Behind the Masthead: Allegra Hyde
This week, we get the behind-the-scenes on prose editor, Allegra Hyde.
Lauren Mickey: You’re a prose editor at HFR – but what does this mean? What are your main responsibilities?
Allegra Hyde: In the words of that strabismic wonder, Jean Paul Sartre, “There is only one day left, always starting over: it is given to us at dawn and taken away from us at dusk.”
LM: Are there any writers, musicians, animals, theories, etc. that have all of your attention and/or admiration, as of late?
AH: I like unicorns and post-structuralism.
LM: What are some techniques, themes, etc. that you typically focus on - or return to - in your writing?

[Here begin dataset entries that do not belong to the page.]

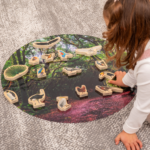 Meisje speelt met vogel blokken van Tickit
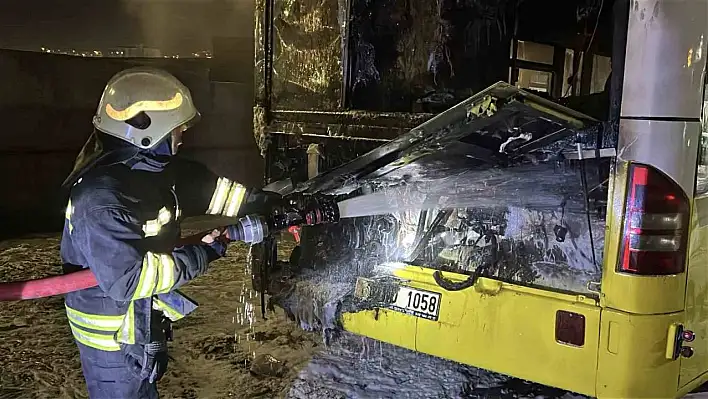 Yozgat'ta özel halk otobüsü alevlere teslim oldu!
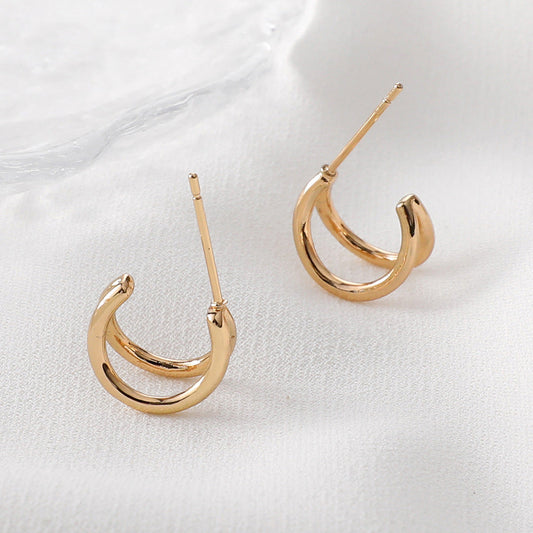 Charming Gold Earring for Any Occasion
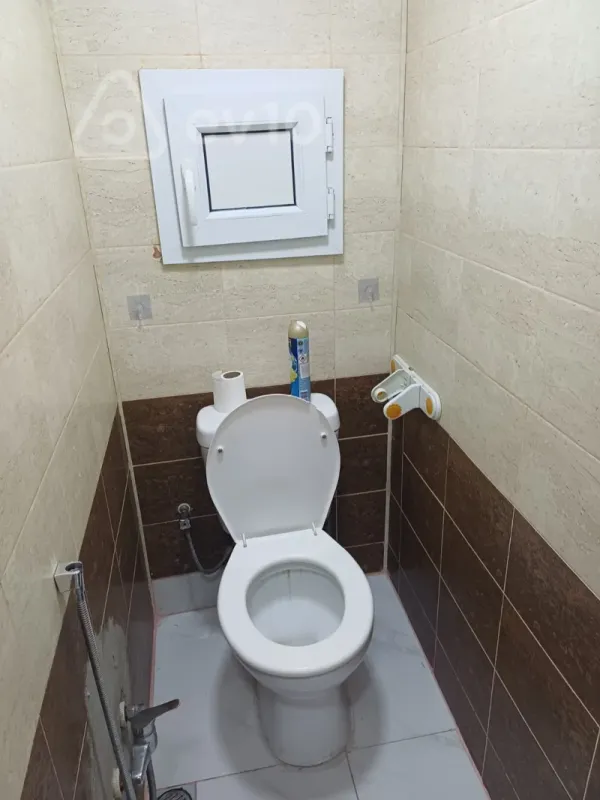 Kirayə verilir 2 otaqlı köhnə tikili 66 m²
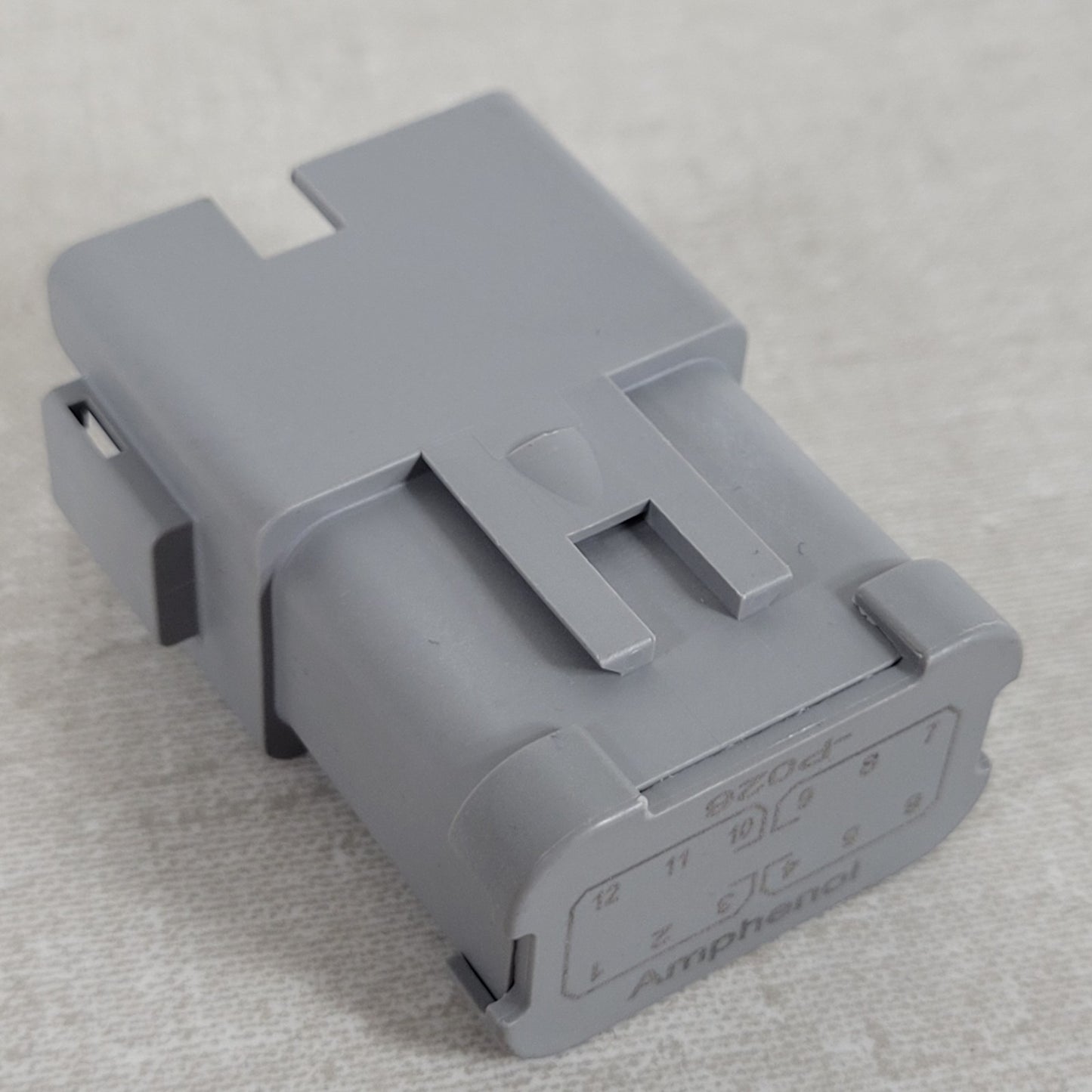 Lot of 4 Amphenol Sine AT04-12PA-P026 12-Way Bussed Receptacle DT04 Compatible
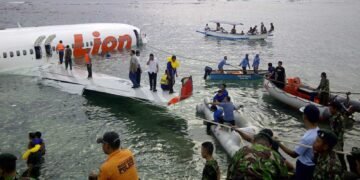 Indonesia confirma que cayó al mar avión con 62 personas a bordo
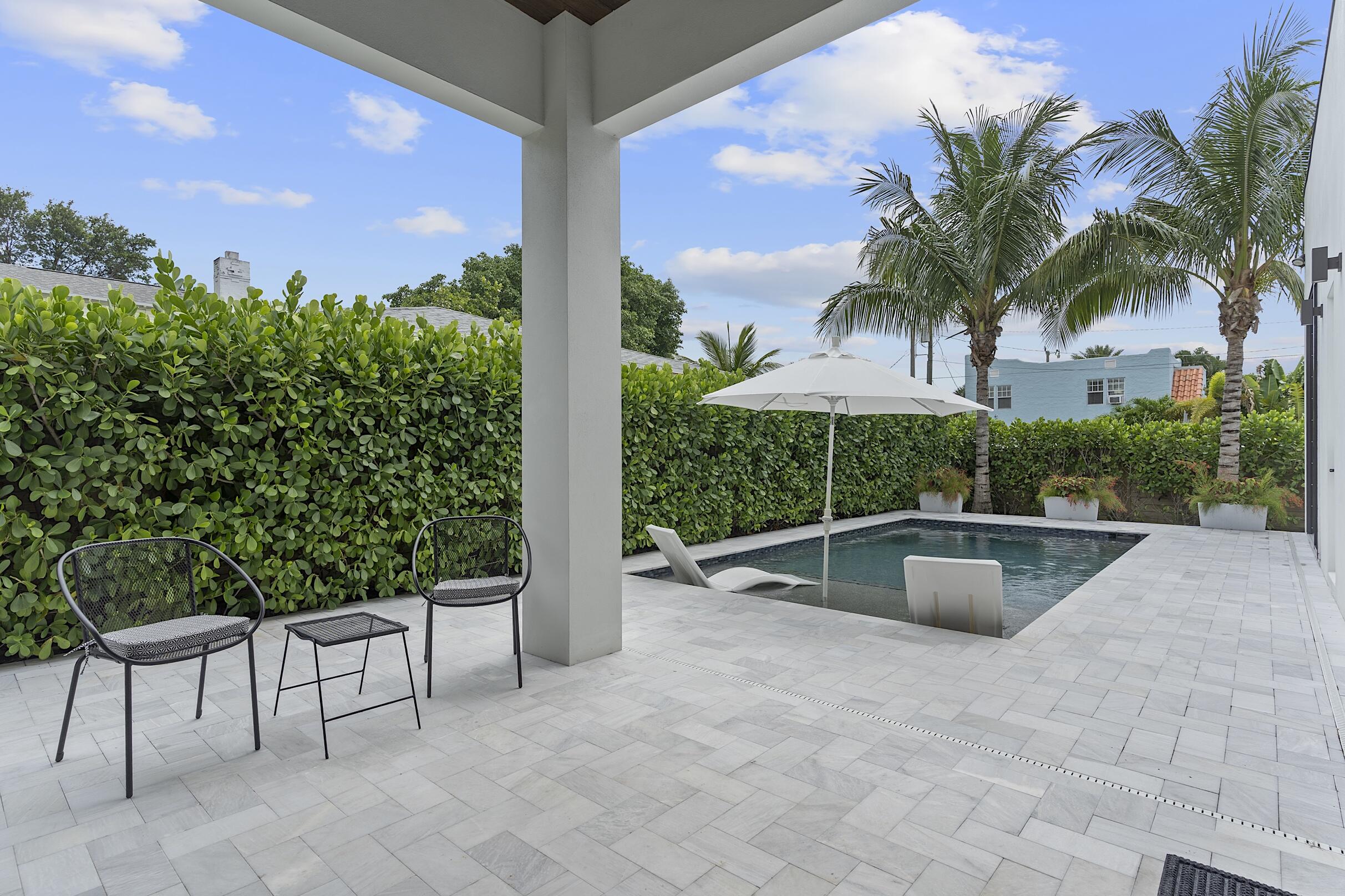 901 Upland West Palm Beach, FL 33401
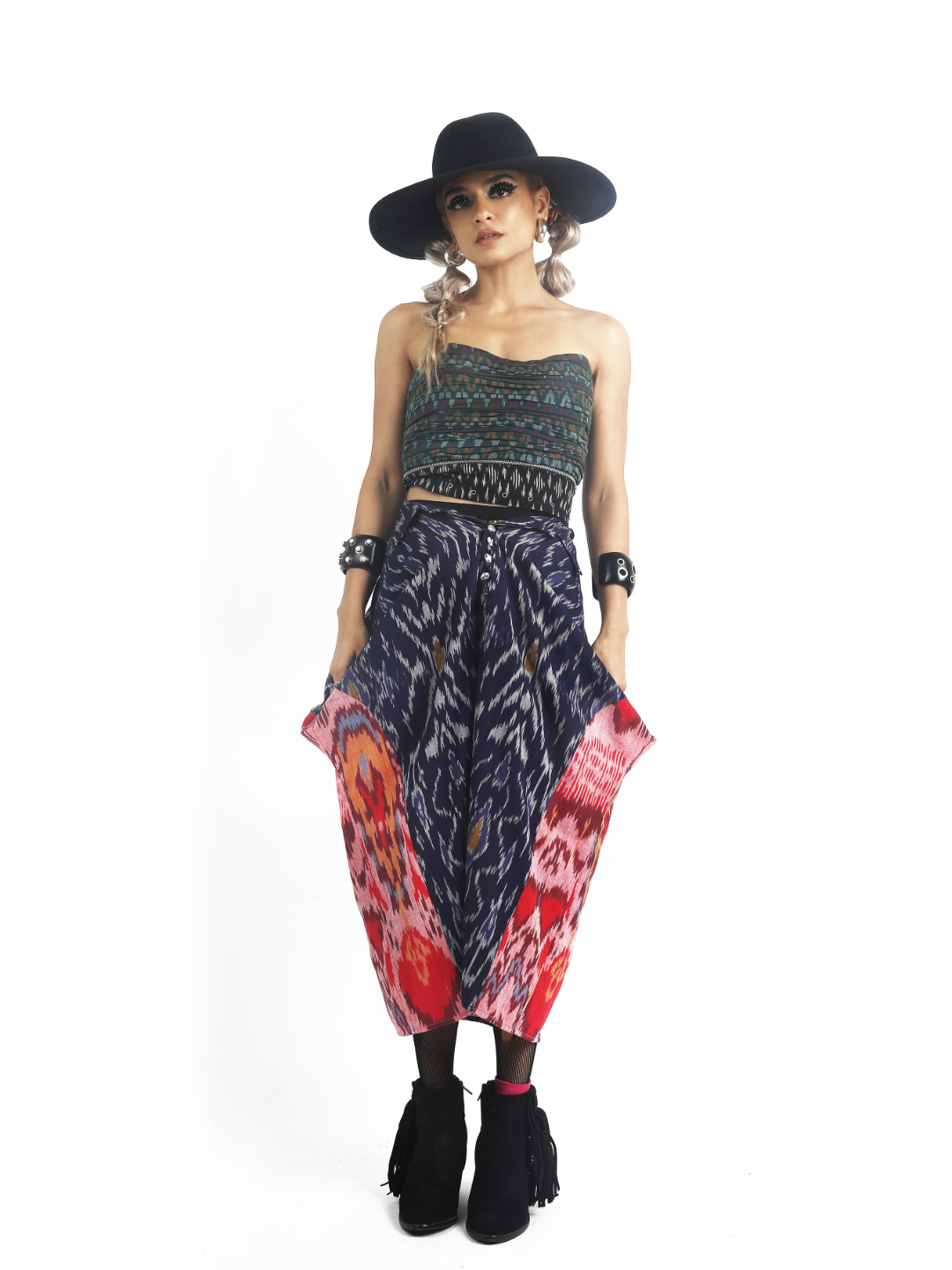 RYTHM SKIRT/SHIRT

AH: In retrospect, I’ve written quite a few stories about loneliness. Also about people making immoral choices. Also about utopian communes. And, for reasons unknown to me, I have a difficult time avoiding the word “erinaceous.” It just slips in – burrows in, you might even say – so that it has appeared in almost every story I have ever composed. Sometimes I’ll use the word several times a page, and only catch it in revision. Maddening? Yes, and yet it is a comfort as well. To be trailed by a word the way one might be followed by a starving cat, or a robber, eventually becomes more of a ritual than an annoyance. You end up feeding the cat some tuna that you happened to be carrying in your pocket. You give the robber your grandmother’s sapphire necklace. Everyone is happy. You feel less alone.
LM: How do you describe HFR to people who ask you about it?
AH: 7″ by 10″ by 1/2″.
LM: What song(s) do you have playing on repeat lately?
AH: Iggy Azalea's "Fancy."
LM: Has working at HFR changed the way you read and/or write?
LM: What do you think the color of your aura is? (I know nothing about auras, and I'm pretty sure that they're not self-prescribed, but whatever…)
AH: Leopard print.
LM: What do you hope for your someday-legacy to be?
AH: A novel – or ideally, multiple novels – that occasionally appear on the shelves of musty bookstores, or as kindling for an expurgatory bonfire in some terrible dystopian future. If people feel the need to my books I will have done something right.
Allegra Hyde’s writing has appeared, or is forthcoming, in The Missouri Review, New England Review, Southwest Review, Passages North, Chattahoochee Review, and North American Review, among others. She curates similes at www.allegrahyde.com.